▸ **Work request**: The response should be a precise copy of every entry.

▸ **Records shown**:
★ ★ ★ ★ ★ ★ ★

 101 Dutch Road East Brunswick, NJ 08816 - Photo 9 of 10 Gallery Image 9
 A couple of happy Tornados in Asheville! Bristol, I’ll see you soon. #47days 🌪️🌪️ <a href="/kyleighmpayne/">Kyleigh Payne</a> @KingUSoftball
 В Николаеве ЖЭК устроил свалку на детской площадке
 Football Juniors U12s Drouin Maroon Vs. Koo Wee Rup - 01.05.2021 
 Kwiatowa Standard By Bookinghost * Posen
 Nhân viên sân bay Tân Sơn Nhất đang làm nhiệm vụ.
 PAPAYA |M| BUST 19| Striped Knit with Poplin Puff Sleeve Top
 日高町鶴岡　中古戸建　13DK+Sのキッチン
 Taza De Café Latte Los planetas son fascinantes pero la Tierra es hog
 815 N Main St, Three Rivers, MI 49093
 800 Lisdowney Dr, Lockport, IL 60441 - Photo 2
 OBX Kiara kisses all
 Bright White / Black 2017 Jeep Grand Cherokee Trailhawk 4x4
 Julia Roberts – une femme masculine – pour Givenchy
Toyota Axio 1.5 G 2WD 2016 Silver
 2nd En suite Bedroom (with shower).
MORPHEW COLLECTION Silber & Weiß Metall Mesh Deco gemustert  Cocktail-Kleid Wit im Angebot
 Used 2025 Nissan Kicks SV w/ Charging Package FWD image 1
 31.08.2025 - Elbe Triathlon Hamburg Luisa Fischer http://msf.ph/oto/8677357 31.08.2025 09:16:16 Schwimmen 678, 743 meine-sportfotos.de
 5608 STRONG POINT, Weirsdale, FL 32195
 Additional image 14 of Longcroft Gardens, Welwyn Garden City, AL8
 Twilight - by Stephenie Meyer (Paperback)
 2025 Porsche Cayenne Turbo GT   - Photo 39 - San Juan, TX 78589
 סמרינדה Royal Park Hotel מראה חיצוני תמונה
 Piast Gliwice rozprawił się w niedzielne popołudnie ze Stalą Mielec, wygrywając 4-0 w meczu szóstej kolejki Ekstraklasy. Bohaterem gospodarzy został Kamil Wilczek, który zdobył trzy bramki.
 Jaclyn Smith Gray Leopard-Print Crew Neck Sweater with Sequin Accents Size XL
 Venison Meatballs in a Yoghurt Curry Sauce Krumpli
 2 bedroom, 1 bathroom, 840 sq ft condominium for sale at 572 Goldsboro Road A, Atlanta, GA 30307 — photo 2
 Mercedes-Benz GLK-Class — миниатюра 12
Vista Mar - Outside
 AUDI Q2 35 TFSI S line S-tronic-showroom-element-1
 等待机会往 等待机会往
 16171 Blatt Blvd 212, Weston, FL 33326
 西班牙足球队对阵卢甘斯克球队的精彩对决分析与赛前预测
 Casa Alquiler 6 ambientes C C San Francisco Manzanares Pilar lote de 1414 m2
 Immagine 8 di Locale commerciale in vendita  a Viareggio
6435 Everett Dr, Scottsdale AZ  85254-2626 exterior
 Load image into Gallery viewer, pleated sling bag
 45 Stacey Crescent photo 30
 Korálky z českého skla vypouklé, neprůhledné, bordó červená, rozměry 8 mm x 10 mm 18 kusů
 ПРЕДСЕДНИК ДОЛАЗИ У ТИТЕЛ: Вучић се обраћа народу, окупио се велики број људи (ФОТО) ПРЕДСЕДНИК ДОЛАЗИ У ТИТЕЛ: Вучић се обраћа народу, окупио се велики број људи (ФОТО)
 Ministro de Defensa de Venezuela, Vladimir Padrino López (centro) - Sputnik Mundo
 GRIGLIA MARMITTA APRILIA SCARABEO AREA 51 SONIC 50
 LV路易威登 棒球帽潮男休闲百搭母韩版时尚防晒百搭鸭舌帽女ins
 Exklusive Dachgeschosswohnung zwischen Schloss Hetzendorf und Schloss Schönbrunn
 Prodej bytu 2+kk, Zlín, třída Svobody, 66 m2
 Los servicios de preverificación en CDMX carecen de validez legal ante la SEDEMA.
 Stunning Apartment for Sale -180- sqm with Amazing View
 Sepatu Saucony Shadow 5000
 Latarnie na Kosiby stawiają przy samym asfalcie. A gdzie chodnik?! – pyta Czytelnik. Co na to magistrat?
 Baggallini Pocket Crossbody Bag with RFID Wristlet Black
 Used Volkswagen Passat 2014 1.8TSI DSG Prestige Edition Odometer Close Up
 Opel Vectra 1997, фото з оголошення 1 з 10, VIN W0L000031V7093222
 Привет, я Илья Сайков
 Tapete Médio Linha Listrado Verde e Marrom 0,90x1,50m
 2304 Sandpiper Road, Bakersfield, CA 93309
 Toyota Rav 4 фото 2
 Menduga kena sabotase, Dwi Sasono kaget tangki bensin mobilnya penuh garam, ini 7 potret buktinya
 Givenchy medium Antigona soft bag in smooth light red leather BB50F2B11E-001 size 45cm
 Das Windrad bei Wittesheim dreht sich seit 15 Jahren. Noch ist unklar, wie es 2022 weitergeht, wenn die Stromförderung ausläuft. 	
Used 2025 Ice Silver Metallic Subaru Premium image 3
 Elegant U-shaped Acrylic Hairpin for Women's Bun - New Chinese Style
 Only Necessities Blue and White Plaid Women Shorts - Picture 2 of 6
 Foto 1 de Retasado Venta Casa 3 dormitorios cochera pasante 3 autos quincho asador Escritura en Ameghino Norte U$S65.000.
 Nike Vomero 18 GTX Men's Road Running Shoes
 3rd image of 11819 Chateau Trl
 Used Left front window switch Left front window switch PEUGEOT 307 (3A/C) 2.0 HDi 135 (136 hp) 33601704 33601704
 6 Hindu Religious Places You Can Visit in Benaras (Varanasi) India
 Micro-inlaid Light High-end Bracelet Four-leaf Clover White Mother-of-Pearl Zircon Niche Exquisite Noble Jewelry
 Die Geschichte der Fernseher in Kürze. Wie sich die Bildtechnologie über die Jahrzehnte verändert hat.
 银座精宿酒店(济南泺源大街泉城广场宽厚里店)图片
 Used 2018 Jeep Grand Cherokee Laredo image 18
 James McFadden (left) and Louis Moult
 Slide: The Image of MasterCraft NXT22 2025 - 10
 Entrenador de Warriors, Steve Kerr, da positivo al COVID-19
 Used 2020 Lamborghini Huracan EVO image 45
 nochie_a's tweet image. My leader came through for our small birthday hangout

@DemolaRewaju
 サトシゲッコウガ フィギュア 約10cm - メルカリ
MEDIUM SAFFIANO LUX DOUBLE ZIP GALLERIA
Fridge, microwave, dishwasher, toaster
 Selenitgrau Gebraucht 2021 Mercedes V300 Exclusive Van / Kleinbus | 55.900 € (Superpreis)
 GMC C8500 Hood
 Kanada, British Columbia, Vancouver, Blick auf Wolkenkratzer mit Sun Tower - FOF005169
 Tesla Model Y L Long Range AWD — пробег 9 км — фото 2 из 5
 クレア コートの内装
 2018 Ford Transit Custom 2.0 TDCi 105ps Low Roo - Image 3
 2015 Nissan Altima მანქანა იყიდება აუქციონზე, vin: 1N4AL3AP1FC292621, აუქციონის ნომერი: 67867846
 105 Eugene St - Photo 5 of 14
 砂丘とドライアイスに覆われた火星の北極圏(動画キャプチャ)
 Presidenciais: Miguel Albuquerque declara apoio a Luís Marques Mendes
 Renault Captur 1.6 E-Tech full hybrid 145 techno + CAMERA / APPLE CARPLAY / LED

★ ★ ★ ★ ★ ★ ★

▸ **Expected answer**:
 101 Dutch Road East Brunswick, NJ 08816 - Photo 9 of 10 Gallery Image 9
 A couple of happy Tornados in Asheville! Bristol, I’ll see you soon. #47days 🌪️🌪️ <a href="/kyleighmpayne/">Kyleigh Payne</a> @KingUSoftball
 В Николаеве ЖЭК устроил свалку на детской площадке
 Football Juniors U12s Drouin Maroon Vs. Koo Wee Rup - 01.05.2021 
 Kwiatowa Standard By Bookinghost * Posen
 Nhân viên sân bay Tân Sơn Nhất đang làm nhiệm vụ.
 PAPAYA |M| BUST 19| Striped Knit with Poplin Puff Sleeve Top
 日高町鶴岡　中古戸建　13DK+Sのキッチン
 Taza De Café Latte Los planetas son fascinantes pero la Tierra es hog
 815 N Main St, Three Rivers, MI 49093
 800 Lisdowney Dr, Lockport, IL 60441 - Photo 2
 OBX Kiara kisses all
 Bright White / Black 2017 Jeep Grand Cherokee Trailhawk 4x4
 Julia Roberts – une femme masculine – pour Givenchy
Toyota Axio 1.5 G 2WD 2016 Silver
 2nd En suite Bedroom (with shower).
MORPHEW COLLECTION Silber & Weiß Metall Mesh Deco gemustert  Cocktail-Kleid Wit im Angebot
 Used 2025 Nissan Kicks SV w/ Charging Package FWD image 1
 31.08.2025 - Elbe Triathlon Hamburg Luisa Fischer http://msf.ph/oto/8677357 31.08.2025 09:16:16 Schwimmen 678, 743 meine-sportfotos.de
 5608 STRONG POINT, Weirsdale, FL 32195
 Additional image 14 of Longcroft Gardens, Welwyn Garden City, AL8
 Twilight - by Stephenie Meyer (Paperback)
 2025 Porsche Cayenne Turbo GT   - Photo 39 - San Juan, TX 78589
 סמרינדה Royal Park Hotel מראה חיצוני תמונה
 Piast Gliwice rozprawił się w niedzielne popołudnie ze Stalą Mielec, wygrywając 4-0 w meczu szóstej kolejki Ekstraklasy. Bohaterem gospodarzy został Kamil Wilczek, który zdobył trzy bramki.
 Jaclyn Smith Gray Leopard-Print Crew Neck Sweater with Sequin Accents Size XL
 Venison Meatballs in a Yoghurt Curry Sauce Krumpli
 2 bedroom, 1 bathroom, 840 sq ft condominium for sale at 572 Goldsboro Road A, Atlanta, GA 30307 — photo 2
 Mercedes-Benz GLK-Class — миниатюра 12
Vista Mar - Outside
 AUDI Q2 35 TFSI S line S-tronic-showroom-element-1
 等待机会往 等待机会往
 16171 Blatt Blvd 212, Weston, FL 33326
 西班牙足球队对阵卢甘斯克球队的精彩对决分析与赛前预测
 Casa Alquiler 6 ambientes C C San Francisco Manzanares Pilar lote de 1414 m2
 Immagine 8 di Locale commerciale in vendita  a Viareggio
6435 Everett Dr, Scottsdale AZ  85254-2626 exterior
 Load image into Gallery viewer, pleated sling bag
 45 Stacey Crescent photo 30
 Korálky z českého skla vypouklé, neprůhledné, bordó červená, rozměry 8 mm x 10 mm 18 kusů
 ПРЕДСЕДНИК ДОЛАЗИ У ТИТЕЛ: Вучић се обраћа народу, окупио се велики број људи (ФОТО) ПРЕДСЕДНИК ДОЛАЗИ У ТИТЕЛ: Вучић се обраћа народу, окупио се велики број људи (ФОТО)
 Ministro de Defensa de Venezuela, Vladimir Padrino López (centro) - Sputnik Mundo
 GRIGLIA MARMITTA APRILIA SCARABEO AREA 51 SONIC 50
 LV路易威登 棒球帽潮男休闲百搭母韩版时尚防晒百搭鸭舌帽女ins
 Exklusive Dachgeschosswohnung zwischen Schloss Hetzendorf und Schloss Schönbrunn
 Prodej bytu 2+kk, Zlín, třída Svobody, 66 m2
 Los servicios de preverificación en CDMX carecen de validez legal ante la SEDEMA.
 Stunning Apartment for Sale -180- sqm with Amazing View
 Sepatu Saucony Shadow 5000
 Latarnie na Kosiby stawiają przy samym asfalcie. A gdzie chodnik?! – pyta Czytelnik. Co na to magistrat?
 Baggallini Pocket Crossbody Bag with RFID Wristlet Black
 Used Volkswagen Passat 2014 1.8TSI DSG Prestige Edition Odometer Close Up
 Opel Vectra 1997, фото з оголошення 1 з 10, VIN W0L000031V7093222
 Привет, я Илья Сайков
 Tapete Médio Linha Listrado Verde e Marrom 0,90x1,50m
 2304 Sandpiper Road, Bakersfield, CA 93309
 Toyota Rav 4 фото 2
 Menduga kena sabotase, Dwi Sasono kaget tangki bensin mobilnya penuh garam, ini 7 potret buktinya
 Givenchy medium Antigona soft bag in smooth light red leather BB50F2B11E-001 size 45cm
 Das Windrad bei Wittesheim dreht sich seit 15 Jahren. Noch ist unklar, wie es 2022 weitergeht, wenn die Stromförderung ausläuft. 	
Used 2025 Ice Silver Metallic Subaru Premium image 3
 Elegant U-shaped Acrylic Hairpin for Women's Bun - New Chinese Style
 Only Necessities Blue and White Plaid Women Shorts - Picture 2 of 6
 Foto 1 de Retasado Venta Casa 3 dormitorios cochera pasante 3 autos quincho asador Escritura en Ameghino Norte U$S65.000.
 Nike Vomero 18 GTX Men's Road Running Shoes
 3rd image of 11819 Chateau Trl
 Used Left front window switch Left front window switch PEUGEOT 307 (3A/C) 2.0 HDi 135 (136 hp) 33601704 33601704
 6 Hindu Religious Places You Can Visit in Benaras (Varanasi) India
 Micro-inlaid Light High-end Bracelet Four-leaf Clover White Mother-of-Pearl Zircon Niche Exquisite Noble Jewelry
 Die Geschichte der Fernseher in Kürze. Wie sich die Bildtechnologie über die Jahrzehnte verändert hat.
 银座精宿酒店(济南泺源大街泉城广场宽厚里店)图片
 Used 2018 Jeep Grand Cherokee Laredo image 18
 James McFadden (left) and Louis Moult
 Slide: The Image of MasterCraft NXT22 2025 - 10
 Entrenador de Warriors, Steve Kerr, da positivo al COVID-19
 Used 2020 Lamborghini Huracan EVO image 45
 nochie_a's tweet image. My leader came through for our small birthday hangout

@DemolaRewaju
 サトシゲッコウガ フィギュア 約10cm - メルカリ
MEDIUM SAFFIANO LUX DOUBLE ZIP GALLERIA
Fridge, microwave, dishwasher, toaster
 Selenitgrau Gebraucht 2021 Mercedes V300 Exclusive Van / Kleinbus | 55.900 € (Superpreis)
 GMC C8500 Hood
 Kanada, British Columbia, Vancouver, Blick auf Wolkenkratzer mit Sun Tower - FOF005169
 Tesla Model Y L Long Range AWD — пробег 9 км — фото 2 из 5
 クレア コートの内装
 2018 Ford Transit Custom 2.0 TDCi 105ps Low Roo - Image 3
 2015 Nissan Altima მანქანა იყიდება აუქციონზე, vin: 1N4AL3AP1FC292621, აუქციონის ნომერი: 67867846
 105 Eugene St - Photo 5 of 14
 砂丘とドライアイスに覆われた火星の北極圏(動画キャプチャ)
 Presidenciais: Miguel Albuquerque declara apoio a Luís Marques Mendes
 Renault Captur 1.6 E-Tech full hybrid 145 techno + CAMERA / APPLE CARPLAY / LED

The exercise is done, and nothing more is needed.